# PROBLEM REQUIREMENTS:
Down to the last line, repeat the entries exactly and drop any image.
** Opening PROVIDED DATA block **
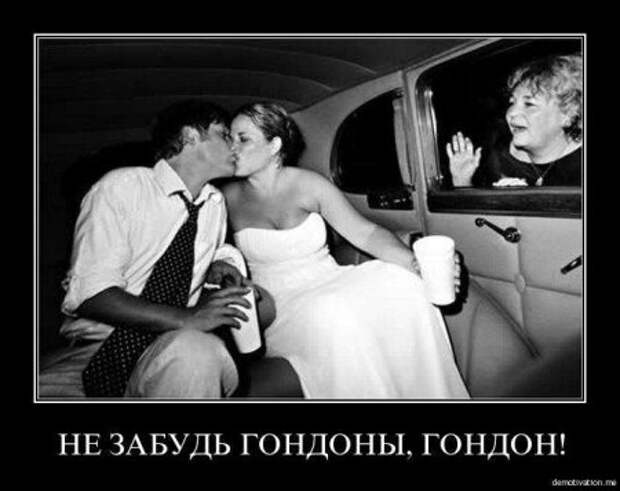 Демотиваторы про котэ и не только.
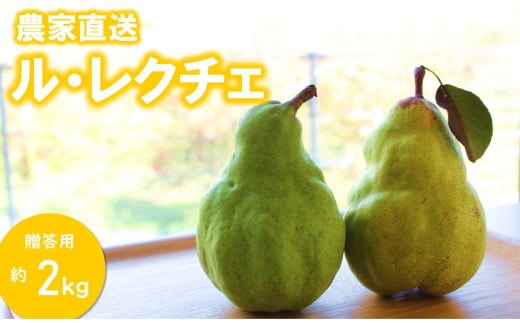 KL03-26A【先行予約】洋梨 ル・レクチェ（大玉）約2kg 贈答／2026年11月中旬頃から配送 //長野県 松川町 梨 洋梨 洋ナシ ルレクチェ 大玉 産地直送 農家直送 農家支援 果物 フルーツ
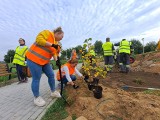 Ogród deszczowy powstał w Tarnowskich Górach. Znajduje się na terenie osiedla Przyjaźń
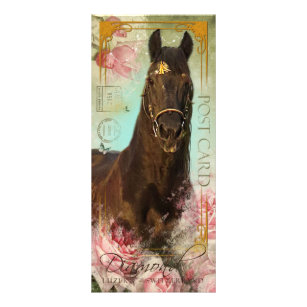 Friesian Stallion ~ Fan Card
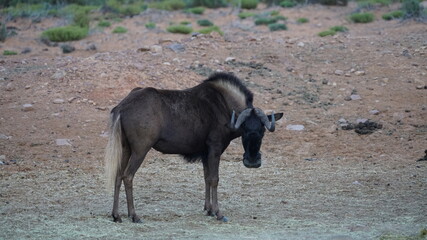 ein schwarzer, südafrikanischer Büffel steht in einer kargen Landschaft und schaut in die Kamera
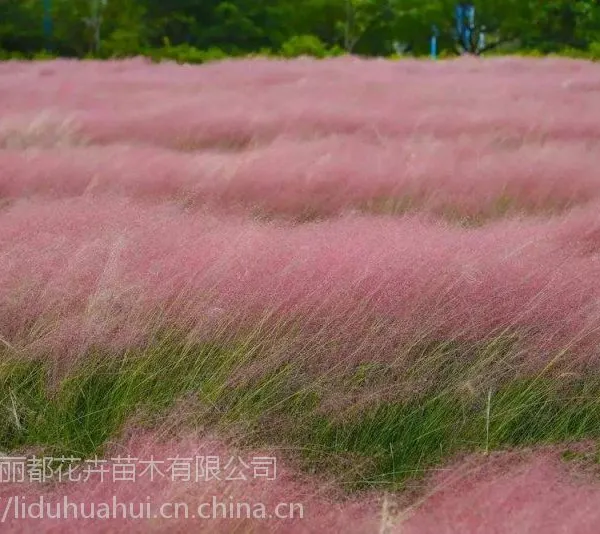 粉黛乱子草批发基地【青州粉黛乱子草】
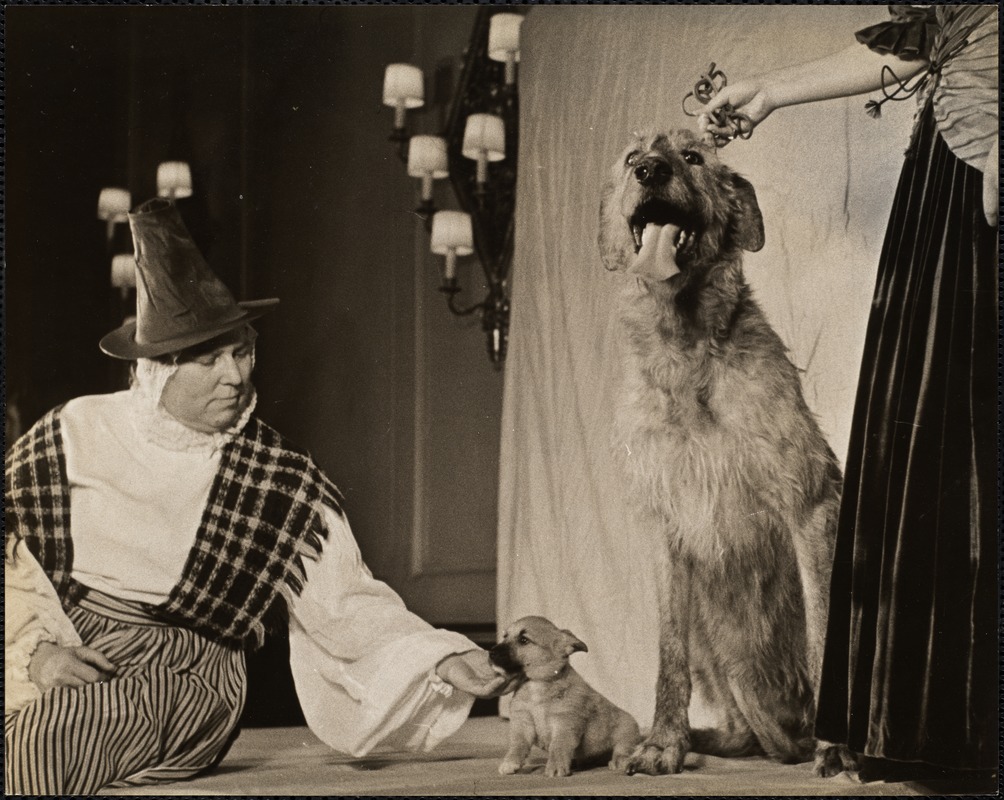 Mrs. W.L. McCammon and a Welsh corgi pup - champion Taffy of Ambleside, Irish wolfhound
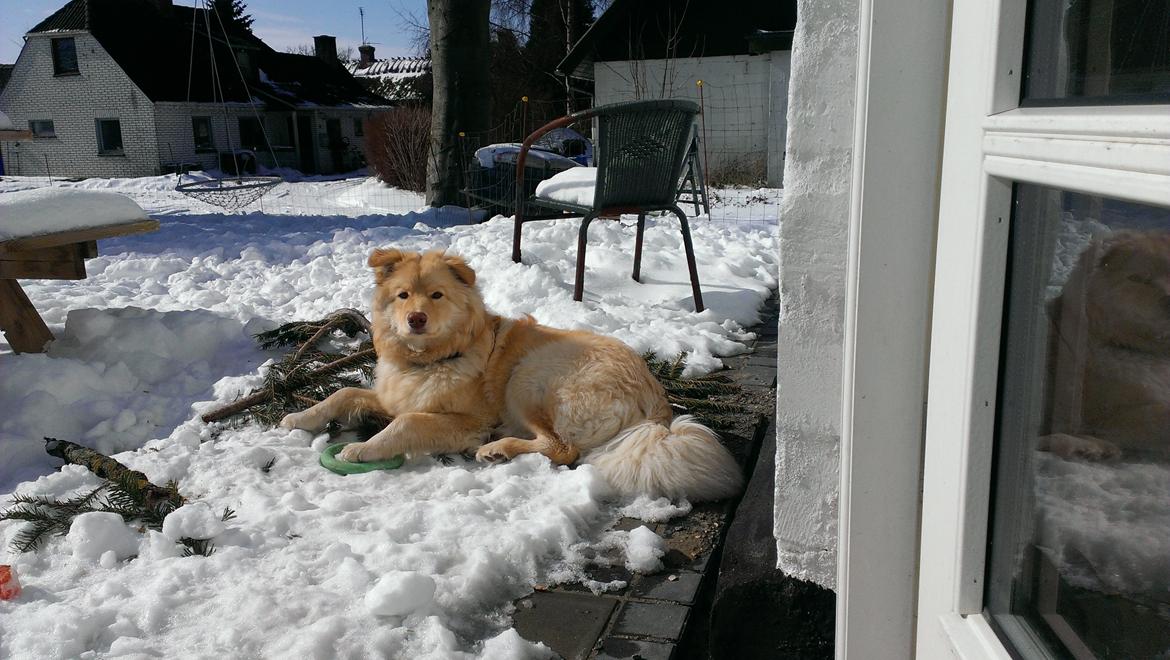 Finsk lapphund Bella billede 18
** Closing PROVIDED DATA block **
# SOLUTION BELOW:
 Демотиваторы про котэ и не только.
 KL03-26A【先行予約】洋梨 ル・レクチェ（大玉）約2kg 贈答／2026年11月中旬頃から配送 //長野県 松川町 梨 洋梨 洋ナシ ルレクチェ 大玉 産地直送 農家直送 農家支援 果物 フルーツ
 Ogród deszczowy powstał w Tarnowskich Górach. Znajduje się na terenie osiedla Przyjaźń
 Friesian Stallion ~ Fan Card
 ein schwarzer, südafrikanischer Büffel steht in einer kargen Landschaft und schaut in die Kamera
 粉黛乱子草批发基地【青州粉黛乱子草】
 Mrs. W.L. McCammon and a Welsh corgi pup - champion Taffy of Ambleside, Irish wolfhound
 Finsk lapphund Bella billede 18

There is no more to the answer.